§ **EXERCISE DIRECTIONS**
Your answer must be the exact lines from the one with "NJ license plate B55ORS" to the end of the data, both included, with no pictures.

**** AVAILABLE DATA

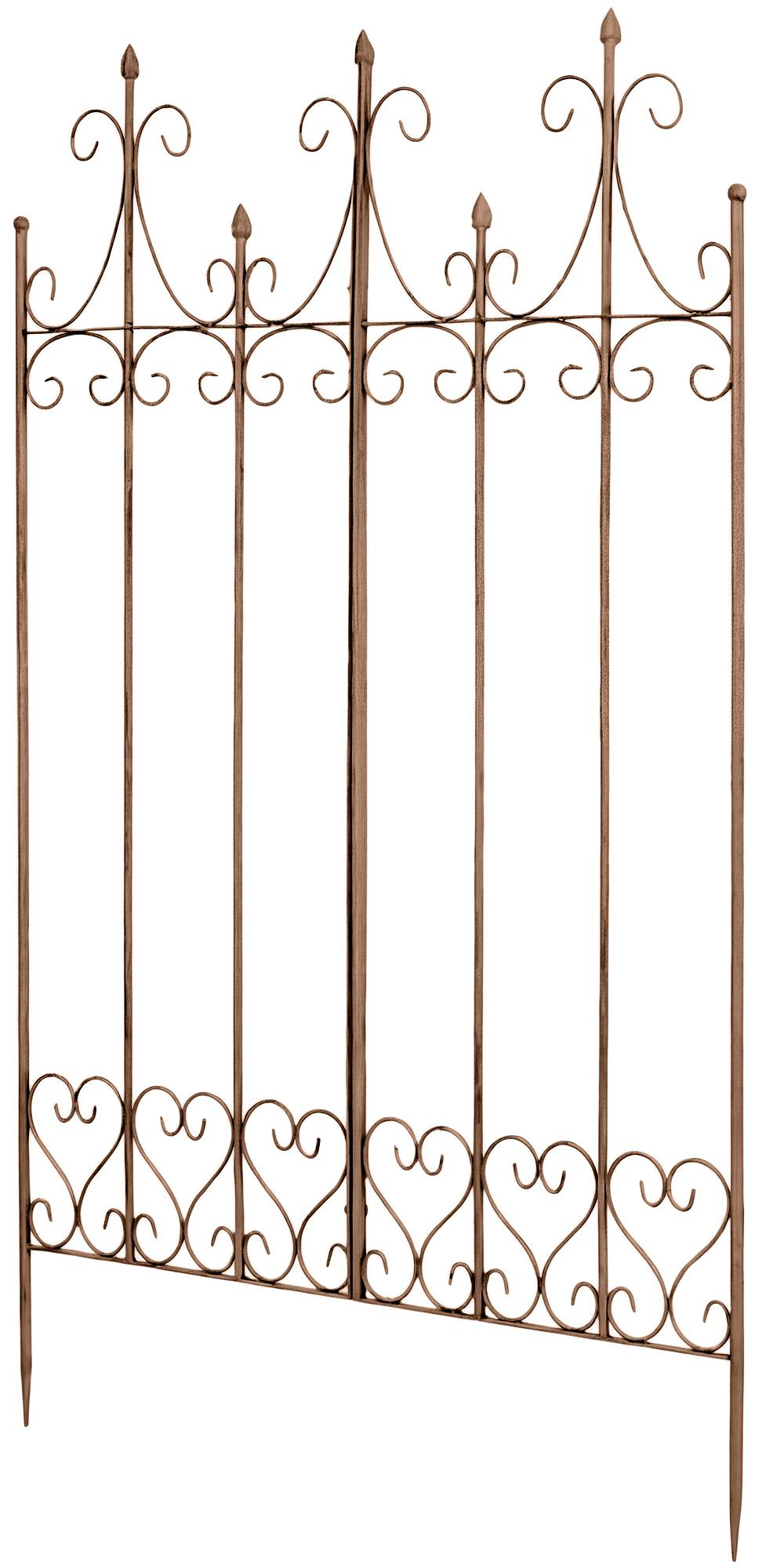 CLP Rankgitter Metall 130 cm hoch Flieder, stabile Rankhilfe f&uuml;r Kletterpflanzen, vormontiert, Landhausstil, Spalier Sichtschutz - Bild 1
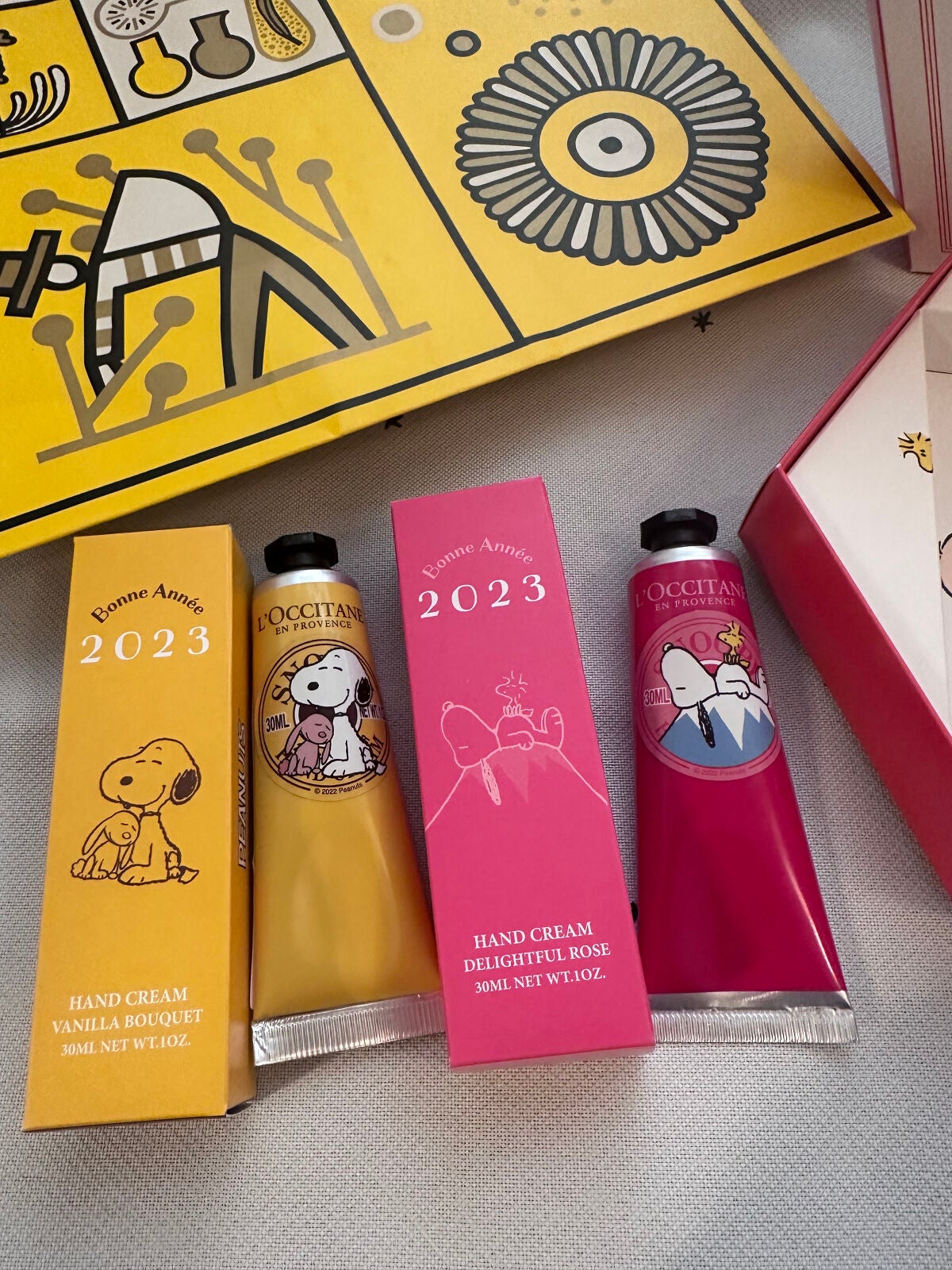 SNOOPY 2023 NEW YEAR ハンドクリームトリオ /L'OCCITANE/その他キットセットを使ったクチコミ(4枚目)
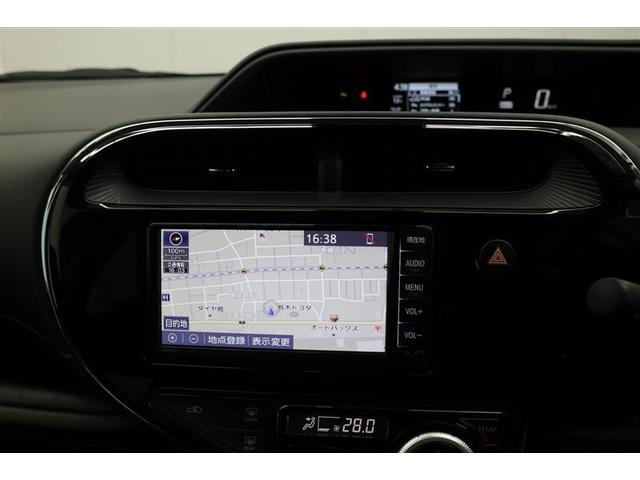 アクア Ｓスタイルブラック　ワンオーナー　衝突被害軽減ブレーキ　純正ナビ　ＣＤ　Ｂｌｕｅｔｏｏｔｈ接続　ワンセグＴＶ　全周囲カメラ　ＥＴＣ　シートヒータ　オートエアコン　純正アルミホイール　ステアリングスイッチ　プッシュスタート（5枚目）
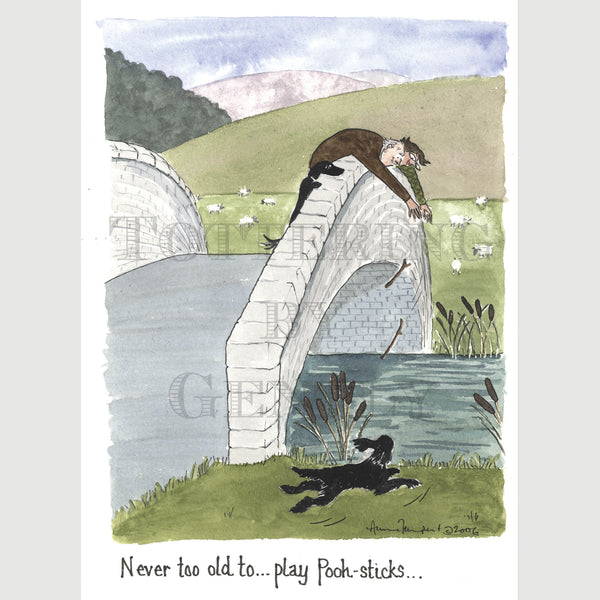Signed Special Tottering by Gently Print - Pooh Sticks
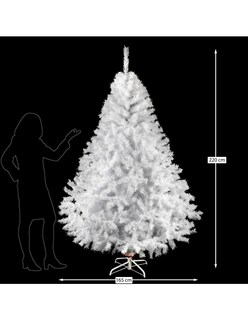 Foto 3 | Foto 3 | Árbol Navidad Naviplastic Pino Canadiense Blanco No7 220 cm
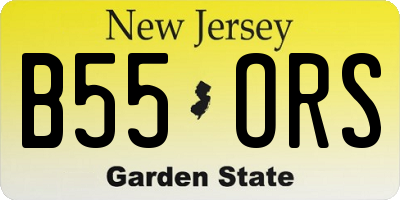 NJ license plate B55ORS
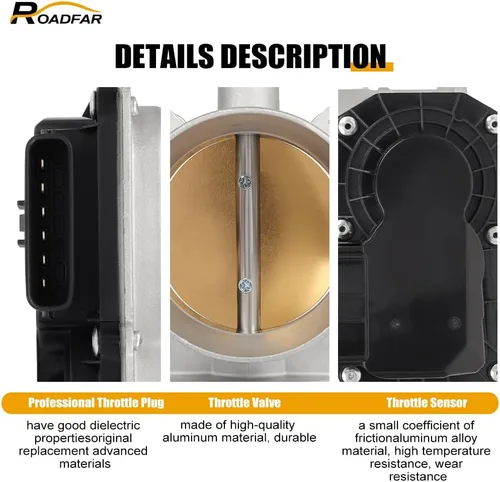 Miniatura 2 de ROADFAR Cuerpo del acelerador S20197 22030-0F010 22030-38020 para 2008-2021 para Lexus LX570, 2008-2021 para Toyota Land Cruiser, 2008-2021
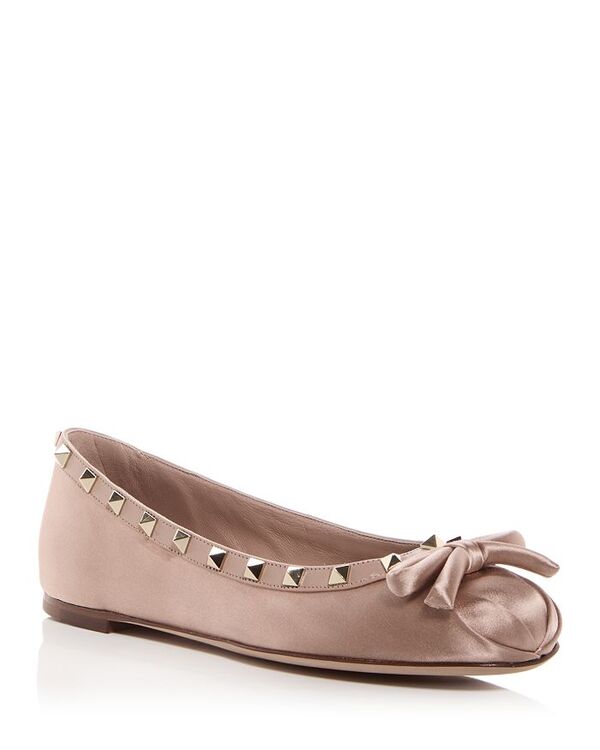 【送料無料】 ヴァレンティノ レディース パンプス シューズ Women's Rockstud Ballet Flats Rose Canne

********

§ **RESPONSE FOR THIS EXERCISE**
 NJ license plate B55ORS
 Miniatura 2 de ROADFAR Cuerpo del acelerador S20197 22030-0F010 22030-38020 para 2008-2021 para Lexus LX570, 2008-2021 para Toyota Land Cruiser, 2008-2021
 【送料無料】 ヴァレンティノ レディース パンプス シューズ Women's Rockstud Ballet Flats Rose Canne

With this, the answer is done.